On List[Tuple[int, List[int]]], shouldn't that be a simpler List[int] instead? I think we already discussed it, but I still don't understand why do we need that second dimension for the targets since that information is already available with target_cols.

Find below a quick prototype:

import json
import hashlib

l1 = [5, 8, 6, 44, 2, 34]

m = hashlib.sha1()
s = json.dumps(sorted(l1), default=lambda x: x.ravel().tolist())
m.update(s.encode("utf-8"))
m.hexdigest()
# 4d14056d80b733928d468427dad1506ea15586c8

l2 = [5, 8, 44, 6, 2, 34]

m = hashlib.sha1()
s = json.dumps(sorted(l2), default=lambda x: x.ravel().tolist())
m.update(s.encode("utf-8"))
m.hexdigest()
# 4d14056d80b733928d468427dad1506ea15586c8

cwognum commented 1 year ago

On List[Tuple[int, List[int]]], shouldn't that be a simpler List[int] instead? I think we already discussed it, but I still don't understand why do we need that second dimension for the targets since that information is already available with target_cols.

target_cols is to indicate the set of all possible targets. A multi-task split might put a single datapoint in both the train and test set, but with a different subset of the targets. It's worth noting that you do not have to specify a multi-task split as such. List[int] works too and is converted to the expected format by assuming you want to specify all targets.

I expect many ML-practitioners to consider such a split data leakage and bad practice, but I can see it be a representative setting of real life where you start with a sparse matrix and want to predict the missing values (e.g. drug-drug synergies).

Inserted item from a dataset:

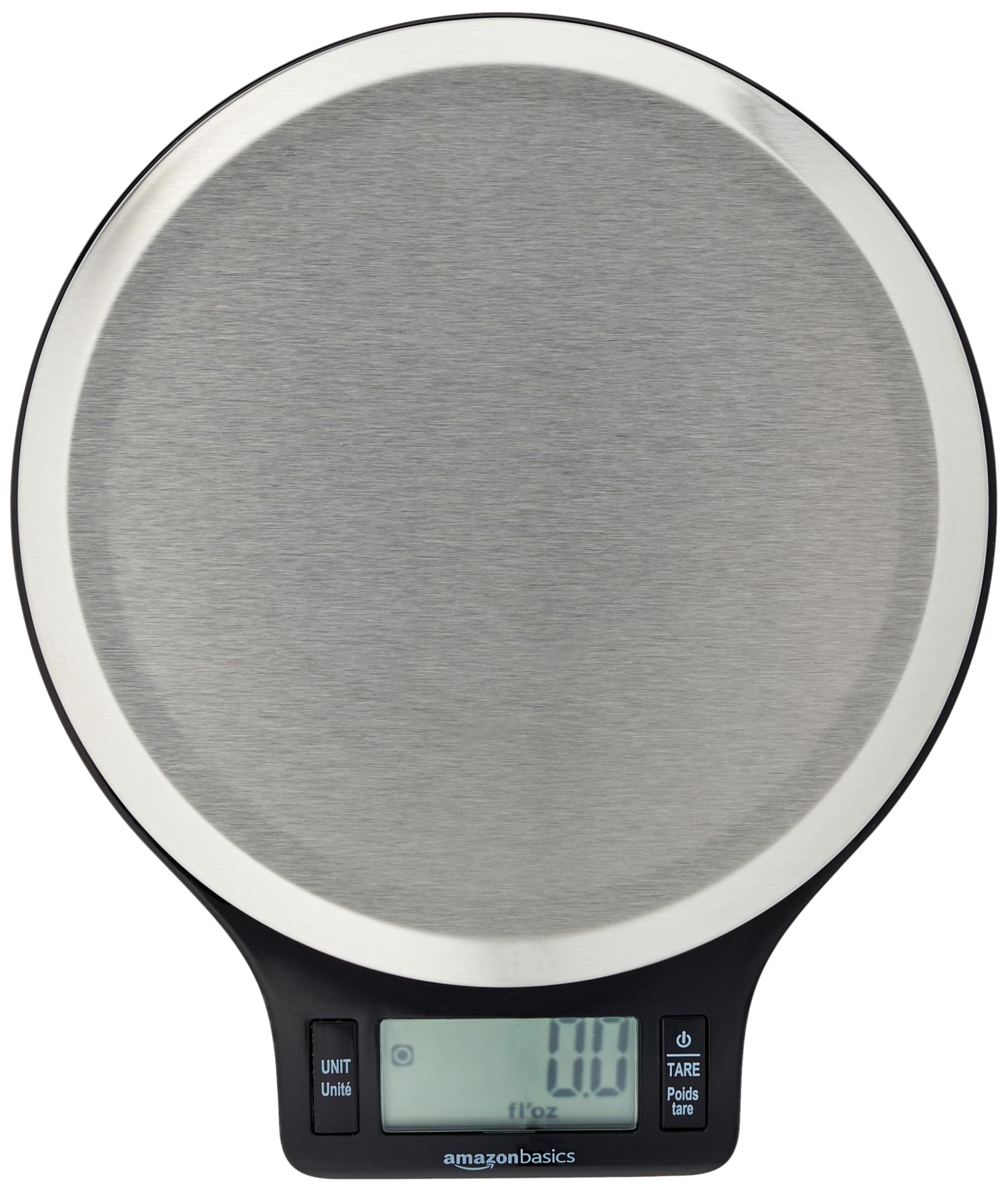 Digital kitchen scales with LCD display (with batteries), Black and Stainless Steel, BPA free, Weighs up to 11 pounds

hadim commented 1 year ago

Ok got it. As you said, I don't think it's something we should encourage to prevent data leakage and I would expect most of our benchmarks to not do that. As for tasks that require pairs (drug-drug for example), then the inputs will be two columns, no?

For sparse target columns, maybe we should have mask columns instead?

cwognum commented 1 year ago

As for tasks that require pairs (drug-drug for example), then the inputs will be two columns, no?

Yeah, that's a good point! I like that better as it will simplify the API quite a bit as well.

For sparse target columns, maybe we should have mask columns instead?

This is actually something I was about to open an issue for, as I encountered it yesterday. I was creating a single-task BenchmarkSpecification from a multi-task Dataset, which resulted in NaN values. I'll open a separate issue and will xref it here.

cwognum commented 1 year ago

xref: #11

For sparse target columns, maybe we should have mask columns instead?

But actually, that's not an issue. For a multi-task dataset, I think it makes more sense to always return a (possibly NaN) value for each of the endpoints and to let the user handle the NaNs.